Email Marketing Tropes to Avoid Till Judgement Day

Email Marketing Tropes to Avoid Till Judgement Day

“Tired of bla bla bla? Don’t worry! We’ve got you covered!”

“Are you a blab la bla looking to do bla bla bla? We are selling this shit.”

“At Bla Bla Bla, we're dedicated to empowering individuals like yourself to unlock their full potential and achieve their aspirations. That's why we've developed a comprehensive bla bla bla designed to equip you with the knowledge, skills, and confidence needed to succeed in bla bla bla.”

“Hey, did you see how Kim Longbottom’s bottom wiggles?”

If you have come so far, you either think I’m nuts or going somewhere with something. The second option is true.

My mailbox is spammed with shitty promotional emails every day much like yours and I’ve been wondering lately how we, as a species, have come to this. Human communication is so much more than coos and gesticulation, and here we are, welcomed every morning of our miserable lives by equally miserable attempts at email marketing. I mean, who writes these copies? My guess is they are either AI tools or cretinous influencers with too much Bud Light down their...ask Dylan Mulvaney to complete the sentence. Either way, email marketing - and copywriting as a whole - has devolved into a marketing afterburner since they decided to digitize good old-fashioned marketing. And yet, marketing by way of letters used to be an art once.

Here's a brilliant example of mail marketing by one Gary Halbert (“R*t in H*ll if you don’t know who he is already!” ~ Flibbertigibbet):

The Amazing Money-Making Secret by Gary Halbert is an example of his outlandishly brilliant copywriting.
The Amazing Money-Making Secret Of A Desperate Nerd From Ohio by Gary Halbert

But there’s still redemption to be had. For starters, avoid these mistakes:

1. Stop using clickbait

Yeah, do that already! You want to push a product? Don’t ask people to look at some tardy socialite’s ass. Trying to ‘shock’ your reader with an outlandish subject line serves no purpose. Some marketers have the propensity to leverage curiosity gap (it’s the space between what we know and what we don’t). But it doesn’t work in the case of email marketing. Decent readers don’t want to read emails that start like this:

  • Guess who 007 shagged last night!
  • The biggest screw-up you can do in 2024!
  • You’ll be shocked to know the truth!

Besides being verbal diarrhea, this strategy only serves to demean the reader by equating him to a porn-addicted chimpanzee in some exotic zoo. Using clickbait on email or any other form of marketing campaign is plain dishonesty.

2. Don’t beat around the bush

Your reader didn’t ask you to tend to their bush, did they? Jump straight to the point with a matching subject line. Use hooks like:

  • I want to talk to you about making money together.
  • Believe me, this email will help you.
  • We think you are looking in the wrong places.
  • Have you wondered about the best place to start a barbecue?

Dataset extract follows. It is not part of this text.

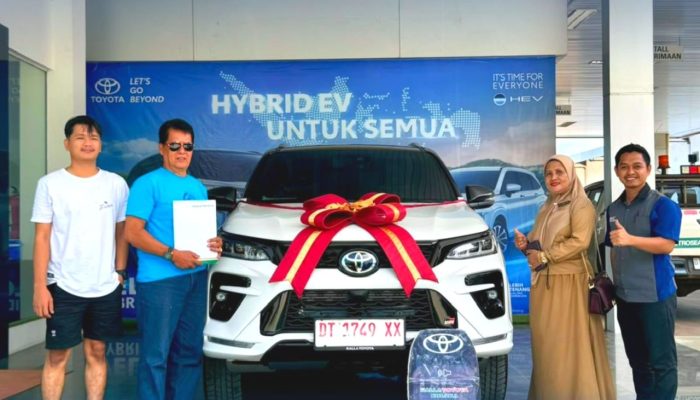 Toyota Diesel Tetap Jadi Primadona di Tengah Kenaikan Harga BBM, Pemesanan Naik 40 Persen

Don’t use an overly commanding attitude. Subject lines starting with “Learn how to”, and “Transform your career with” all sound like “Take a dump in my bathtub”, and readers don’t want to read any further. You are just not giving them anything to ponder. And don’t be afraid to use long subject lines.

3. Stop Goading

Social media is the next best thing to happen to humanity after Global Warming. But we must learn to live in a world rife with denial and stupidity. ?Having said that, your Zuckerized brain can make you goad your readers to subscribe to all your shoddy social media channels. Don’t go there. People tend to get confused if you list out too many links for them in one email. One link per email is a civilized thing to do. Push your product without being pushy. That’s a tightrope you got to walk.

4. Stop sending too many emails

Once a week is good, twice a week not so much. Thrice a week is a territory you don’t want to encroach into. Not everyone is loquacious. There are many like me who love to sit quietly on the porch with a can of beer and wonder about our place among the stars. A volley of emails disturbs the meditation. Besides, who wants to hear from someone who isn’t even a girlfriend every day? If you’re sure someone’s not reading your emails at all, bow out of their mailbox quietly. A simple parting email is a good idea in such a case. I remember @Itchyboots doing the same in my case.

5. O, f*** private messages!

Have you ever opened a ‘private message’ in your life? They have ‘scam’ written all over. Email marketers often believe it to be the best tactic to make an MIA subscriber open an email. But bona fide ‘private messages’ come from naughty liaisons or John Wick. Readers aren’t dumb and they will never open a ‘private message’ from a brand marketer unless they are feeling kinky.

The Dos and Don’ts of email marketing don’t constitute an exact science. You got to appreciate the fact that effective marketing hinges on a clear understanding of the human psyche. Don’t place your audience in a pair you wouldn’t slip on.